Em 2013, o Brasil fez uma grande parceira público-privada para nacionalizar o processo de fabricação da vacina e, no ano seguinte, iniciou a campanha pelo SUS em escolas de todo o país.

De lá para cá, contudo, a taxa de cobertura para as duas doses, essenciais para a imunização, não passou de 50%. No ano passado, esse percentual chegou a 48,7%. A campanha deste ano começou em março e, a partir de setembro, o SUS começa a aplicar a segunda dose.

Vírus do HPV na corrente sanguínea

Vacinar adolescentes é mais difícil do que imunizar as crianças, muitas vezes encaminhadas para o posto de saúde diretamente pelo pediatra, destacam médicos consultados pela BBC News Brasil.

Há a questão do receio dos efeitos colaterais – neste caso, alergias leves aos componentes do medicamento –, a mistura entre o “medo de agulha” e a sensação de que a doença é algo distante e, no caso específico do HPV, a visão distorcida de alguns pais de que a vacinação poderia dar início precoce à vida sexual dos filhos.

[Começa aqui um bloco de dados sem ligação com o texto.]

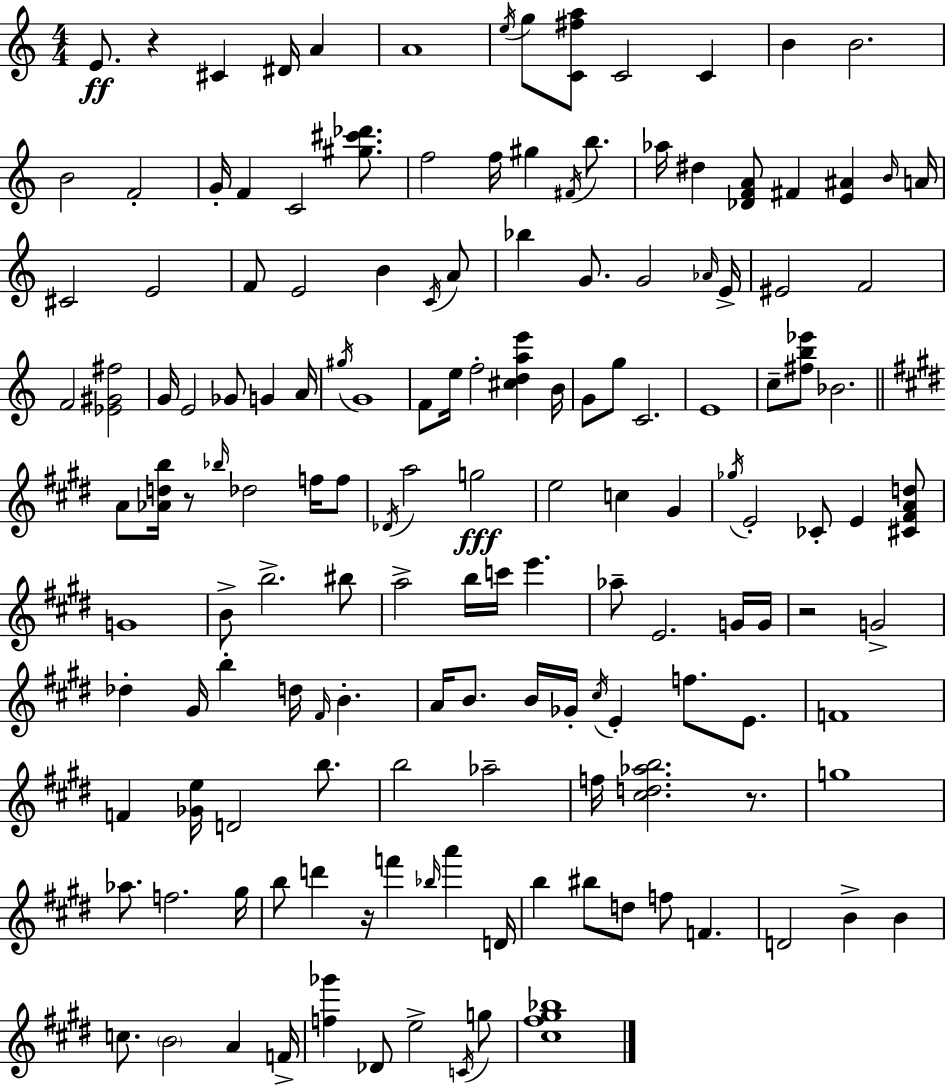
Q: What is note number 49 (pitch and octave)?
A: F4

Para infectologistas e especialistas em HPV, contudo, a principal razão para que o país esteja longe da meta de 80% de cobertura foi a saída da vacinação das escolas.

Da escola para o posto de saúde

Em 2014, o lançamento da campanha foi feito nos colégios, onde aconteceram as rodadas da primeira dose – com cobertura de mais de 100%. Em setembro daquele ano, porém, a segunda rodada de imunização foi transferida para os postos de saúde, onde se mantém até hoje.

“É muito difícil levar o adolescente à sala de vacinação”, pondera Isabella Ballalai, presidente da Sociedade Brasileira de Imunizações (SBIm).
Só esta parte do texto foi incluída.